|Subject: U of PEI prof offers free grades
|UPEI prof. is disciplined for grading decisions
SACKVILLE, N.B. (CUP) - University of Prince Edward Island lecturer David Weale´s decision to offer a deal to his History of Christianity students whereby those who agreed not to physically attend the course would be granted a B- (70 per cent) for their absence, has been met with disciplinary action from the university, and scorn from many students.
The University of Prince Edward Island (UPEI) administration and the UPEI Facutly Association, however, aren´t as enthusiastic about Weale´s approach to class sizes. Weale has been suspended from teaching the course and an investigation into the matter is now underway and could take upward of a month to complete.
Until the investigation is complete, Dr. Joe Velaidum, a professor of religious studies and the director of the UPEI Centre for Christianity and Culture, has replaced him in the classroom.
Under the proposed deal, students still had to pay the registration fee for the class and notify Weale of their intentions via e-mail.
Following a news story carried on the Canadian Broadcasting Commission (CBC) and scrutiny from The Cadre, the university´s student newspaper, the UPEI faculty association released a statement condemning Weale´s decision.
The deal was "a scheme", said Wayne Peters, president of the UPEI Faculty Association in a release, which "would not be tolerated at any university across the country and is certainly not condoned by the Association at UPEI".
According to Peters, there are two possible outcomes of the investigation into Weale´s offer to his students: a letter of warning, or outright dismissal. "Following that, David has the right to ask the union to file a grievance on his behalf," said Peters, noting that the UPEI Faculty Association does not allow individual members to file grievances with their employer.
Peters refused to comment on whether or not the union would agree to file a grievance on Weale´s behalf.
Approximately 20 students accepted Weale´s offer to receive a B- for non-attendance, but many more students at the university are more critical of the idea.
While some students are empathetic to the situation, said Ryan Gallant, president of the UPEI students´ union, most are in agreement with the university.
"He has been a great professor for many years," said Gallant. "But some students find this inexcusable."

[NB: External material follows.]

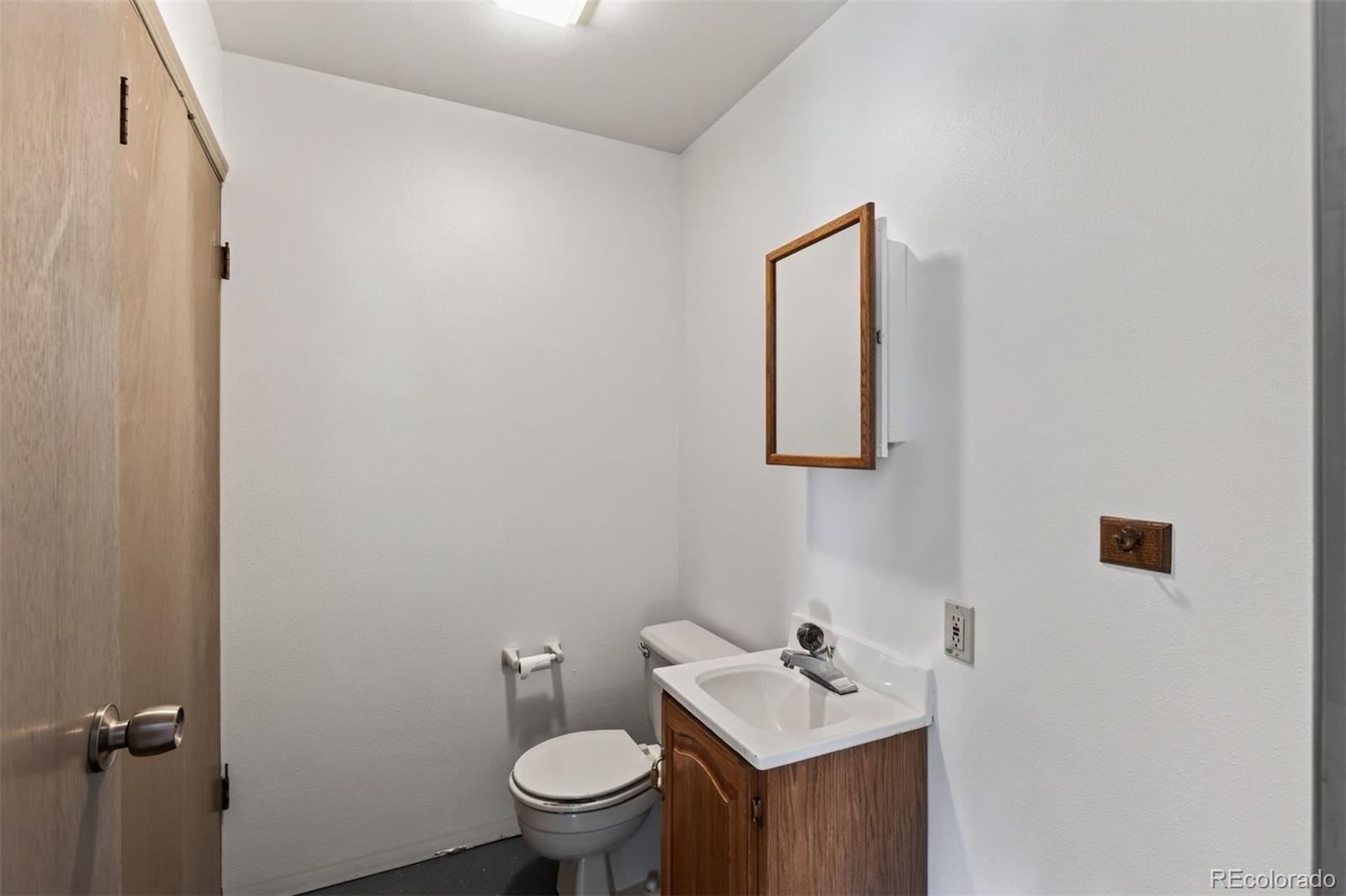 MLS Image #18 for 8472 s ault lane,morrison, Colorado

According to Gallant, the UPEI Students´ Union will not be involved in the investigation process or the discussions between Weale and the university.
Weale retired in the spring of 2005 and was contracted to teach the course on the History of Christianity on a sessional basis. He has built his reputation as an island historian over 30 years at the University of PEI and published a number of children´s books about island lore.
"He has a knack for interviewing islanders and gathering a thorough history," said Katie MacLeod, an island native. "I guess I consider him a local hero for his historical preservation work."
Weale also ran as an independent candidate in the 1988 federal election on a single-issue platform opposing the fixed link to the mainland.